The obituary was of the television dressmaker, Ann Ladbury, who was the real deal in the 1960s, '70s, and early '80s. When I was Head of Service in Warwickshire for Adult Education, 1975-80, my Domestic Science colleague, Dorothy Tucker, and I arranged for Ann to come and do a demonstration one afternoon in Kenilworth. It was a massive success, with every ticket sold. We followed up with countless courses called 'Make a skirt/dress in a Day'. A programme which proved as successful as Ann Ladbury's own demonstration. Sadly no one today have posts like Dorothy and I had back in the day, as Local Authority adult education in Warwickshire, as elsewhere, has withered on the vine.

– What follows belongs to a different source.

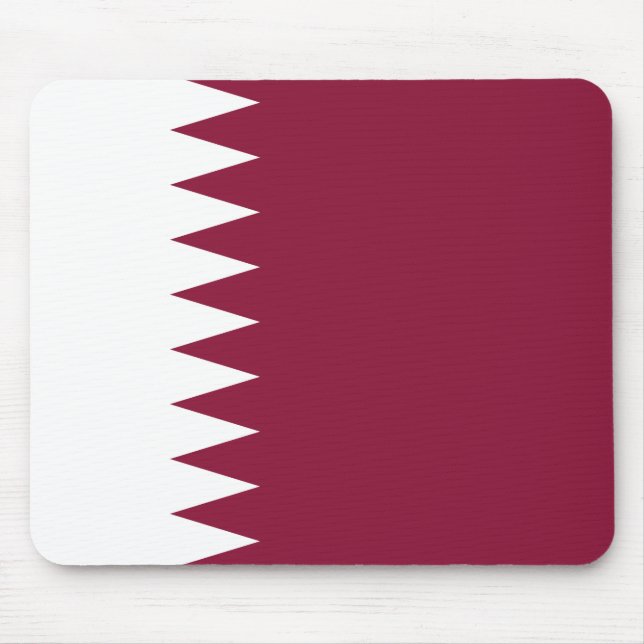 Flagge von Katar Mousepad (Vorne)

Actually, it was a dressmaking class, or at least I thought it was a dressmaking class, in Rugby that nearly cut my career short. I was in Rugby College of FE to inspect afternoon adult education classes. I boldly stepped into the 'dressmaking' class expecting to find an earnest group of ladies busily making dresses. Horror, I had unwittingly stumbled into the only brazier making class in the history of British adult education. Worse I entered just as the 'try it on and show the class' moment had arrived.

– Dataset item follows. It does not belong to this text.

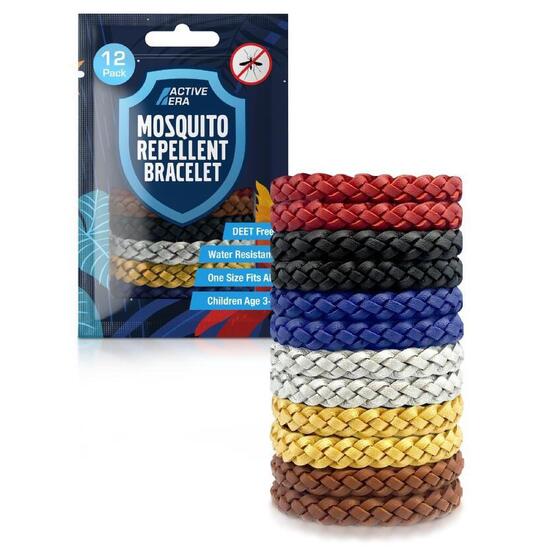 Opaski odstraszające komary Adventure – zestaw 12 szt. w różnych kolorach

I also had an awkward near career ending moment in a South Warwickshire village where one winter's evening I had gone to inspect a yoga class. The class met in the Village Hall, the old Victorian Primary School. On arrival I found all the doors locked and not a light on anywhere. To make perfectly sure there was no yoga class inside I jumped up and down at the tall Victorian windows. I still saw nothing, and rather annoyed, there was a good football match on the television that evening, I went back to my car and drove home. Early the next morning, I was in my office in The Education Offices in Warwick when the telephone rang. It was the Area Principal for Adult Education in South Warwickshire. He reported that there had been an incident in a village yoga class the previous evening and what was he to do. The tutor had apparently reported that they had had a Peeping Tom the previous evening trying to look at them whilst they were doing their meditation. I assured him that in my experience these things never happened twice and to just ignore it; and, indeed, I was correct because a similar incident never recurred. [PS Dick, if you are reading this I apologise even if I am over 40 years late !].
Adult education is always a joy and always exciting. It is quite unlike the rest of education - more's the pity. As the News of The World used to boast 'all life is here'; from the College Principal who discovered the very proper part time German tutor in flagrante delicto in the college car park with a married student, through to a colleague, dressed in a very nice suit, who fell into a goldfish pond one dark winter evening trying to find his way into a school where adult classes were being held.
I had my own experience of sexual shenanigans when as Head of Adult Studies (no irony there) in a Lancashire College of Further Education, I went one evening to close classes down for the day in a college annexe. On arrival I discovered a young girl, about 11/12 years of age, hanging around. I asked her what she was doing. She replied 'waiting for mum'. Mum turned out to be one of my part time tutors. I said 'Oh, she should be finished by now, I'll go and find her for you'. 'Oh, don't', she said, 'the Principal is here and they usually only take twenty minutes'. I rushed away. Embarrassed? No, I needed to start the story on its rounds; the Principal was not a popular figure. In fact, he ........but that's another story for another time.
I would like to conclude by returning to Ann Ladbury's obituary. The Times reported that her great grandfather had been tailor to Emperor Franz Joseph of Austria, and that her grandfather had fled to England in the 1890s to avoid conscription. I wished I had known that at the time. An opportunity lost, although I did meet once, at The City Lit (where else!) a student who had been a nanny in the Imperial Habsburg court.